Irène Esambo Diata émerge à Kinshasa dans un milieu marqué par un engagement pour la justice sociale. Juriste de formation, elle se distingue par son dévouement aux droits humains, notamment en faveur des plus fragiles. Avant 2019, elle n’occupe pas de mandat électoral, mais son parcours au sein de l’UDPS et son militantisme pour l’inclusion lui ouvrent les portes du pouvoir. Sa nomination reflète une intention de Tshisekedi de mettre en avant des figures sensibles aux questions sociales, une touche d’humanité dans un gouvernement souvent dominé par des portefeuilles économiques.

Dès 2019, sous Ilunga Ilunkamba, elle devient ministre déléguée auprès du ministre des Affaires sociales, chargée des personnes vivant avec handicap et autres personnes vulnérables, un poste qu’elle conserve sous les deux gouvernements de Sama Lukonde.
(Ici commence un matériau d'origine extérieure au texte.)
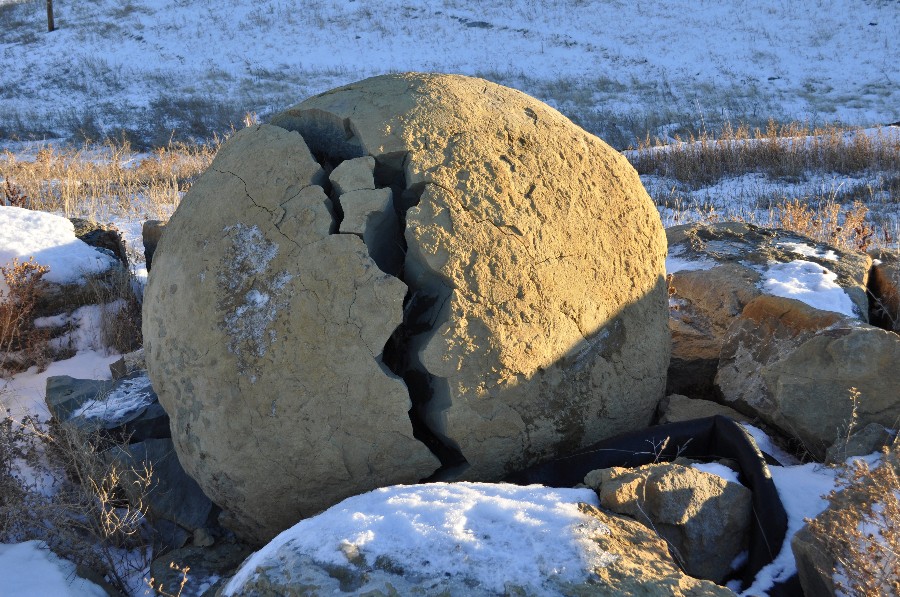 spherical rocks up to 6 feet in diameter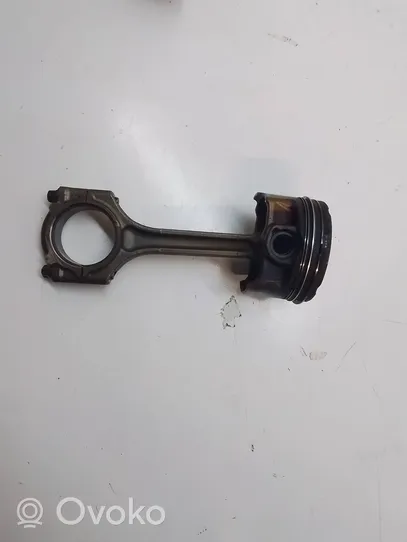 Hyundai Kona I Piston avec bielle 1710070M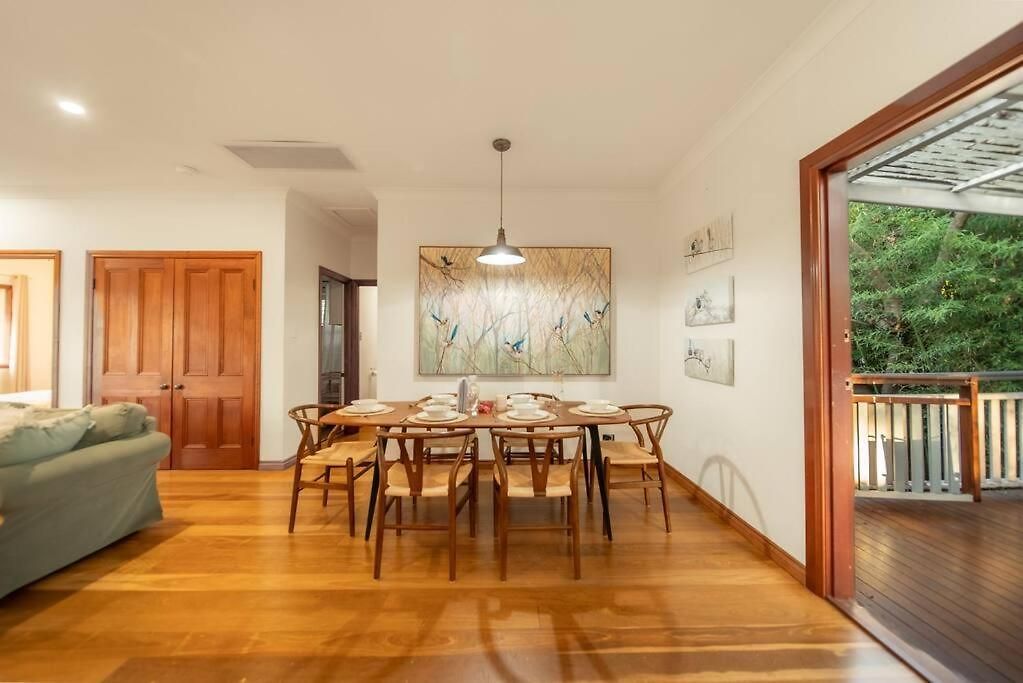 Holiday home House Of Fairy Wren -charming Queenslander Mins Drive To Cbd And Gabba Stadium! *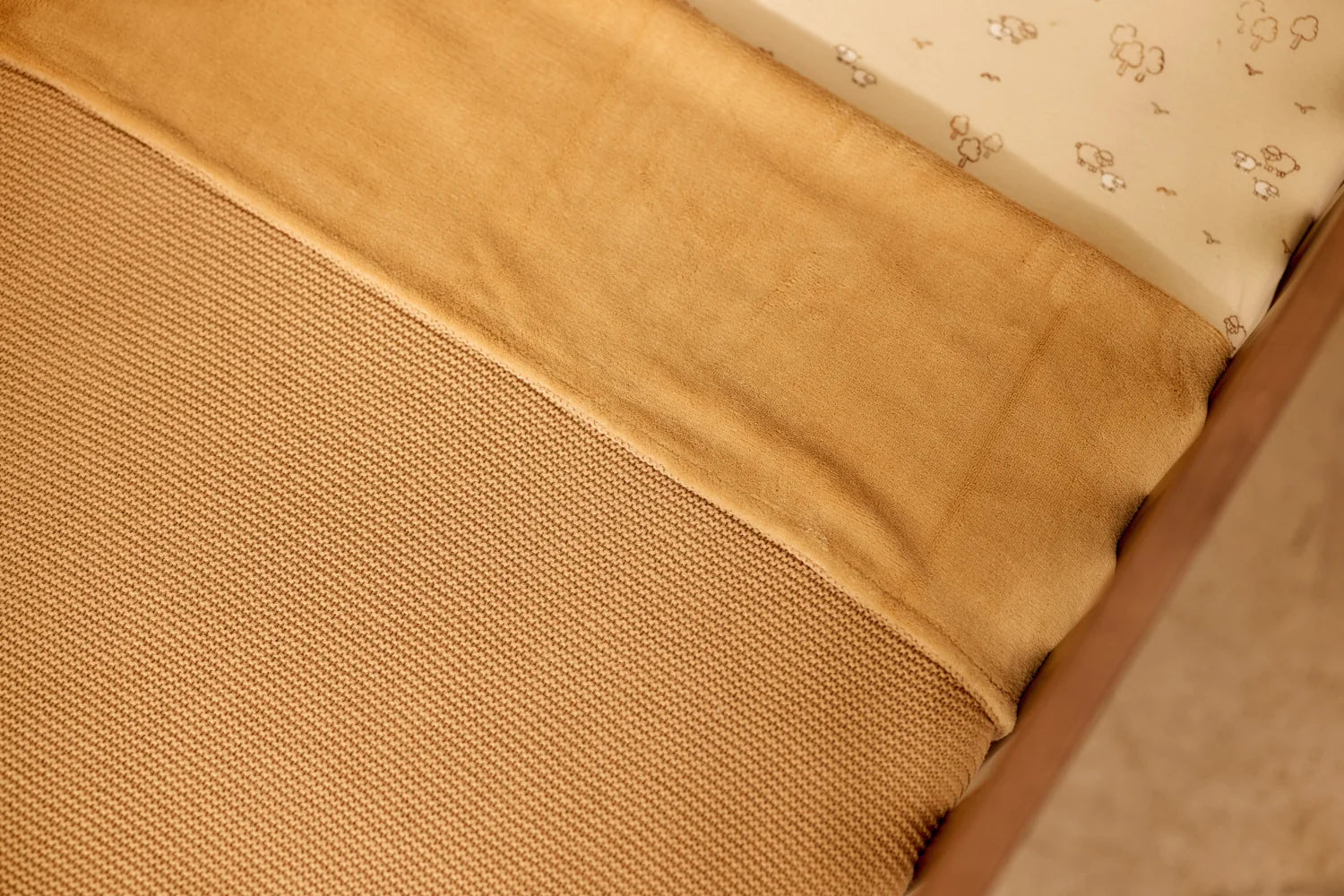 Wiegdeken 75x100 cm Reversible Basic Sherpa/Jersey - Hazel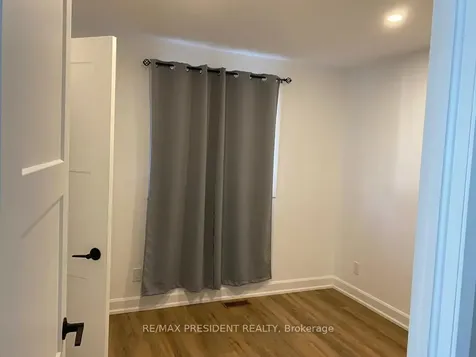 76 Cameron Crescent Cornwall ON K6K 0B7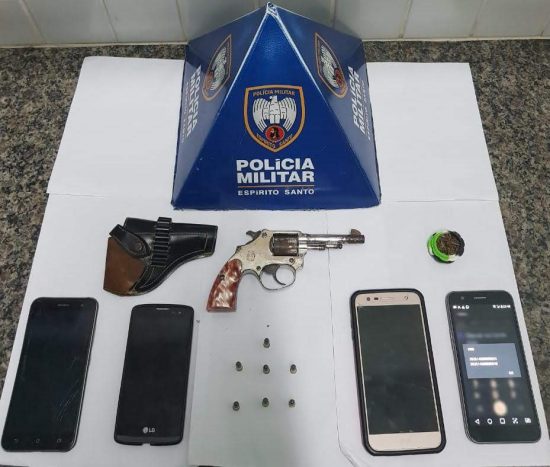 roubopm - PM detém assaltante e recupera objetos em Guarapari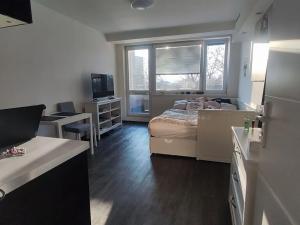 Prodej bytu 1+kk, Praha - Kobylisy, Kyselova, 22 m2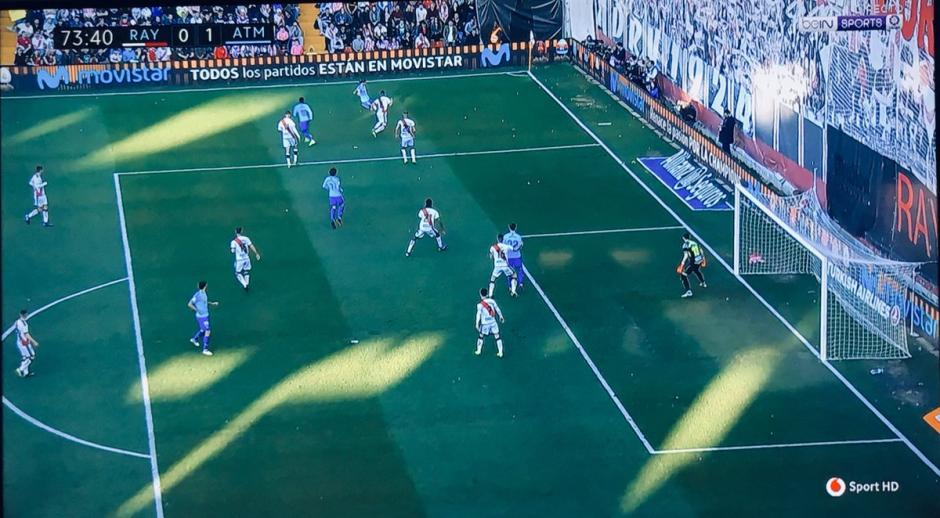 Álvaro Morata estaba adelantado en la acción previa al disparo de Griezmann. (Foto: Captura)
Avec Judith Suminwa, elle reste fidèle à cette mission, toujours en tant que ministre déléguée aux personnes vivant avec handicap. Bien que son rang soit subalterne, sa présence constante dans un domaine aussi sensible témoigne d’une confiance durable et d’un rôle symbolique au sein de l’équipe dirigeante.

Une trajectoire à travers les gouvernements

Leur parcours à travers les gouvernements dessine une fresque de continuité. Sous Ilunga Ilunkamba, Busa Tongba dirige le Commerce extérieur, Paluku prend l’Industrie, Sakombi s’installe aux Affaires foncières, Budimbu débute comme vice-ministre de l’Enseignement, Kibassa Maliba pilote les PTNTIC, et Esambo Diata défend les personnes vulnérables. Avec le premier gouvernement Sama Lukonde, la stabilité prédomine pour la plupart : Busa Tongba reste au Commerce extérieur, Paluku à l’Industrie, Sakombi aux Affaires foncières, Kibassa Maliba aux PTNTIC, Esambo Diata dans son rôle délégué, tandis que Budimbu passe aux Hydrocarbures. Le second mandat de Lukonde confirme cette tendance, les six figures conservant leurs positions respectives.

Sous Judith Suminwa, un remaniement redistribue les cartes : Busa Tongba glisse au Portefeuille, Paluku récupère le Commerce extérieur, Sakombi s’empare des Hydrocarbures, Budimbu se tourne vers les Sports et Loisirs, Kibassa Maliba élargit son mandat aux PTNTIC et Numérique, et Esambo Diata demeure ancrée dans son rôle social. Ce jeu de chaises musicales montre leur capacité à s’adapter tout en restant au cœur du pouvoir.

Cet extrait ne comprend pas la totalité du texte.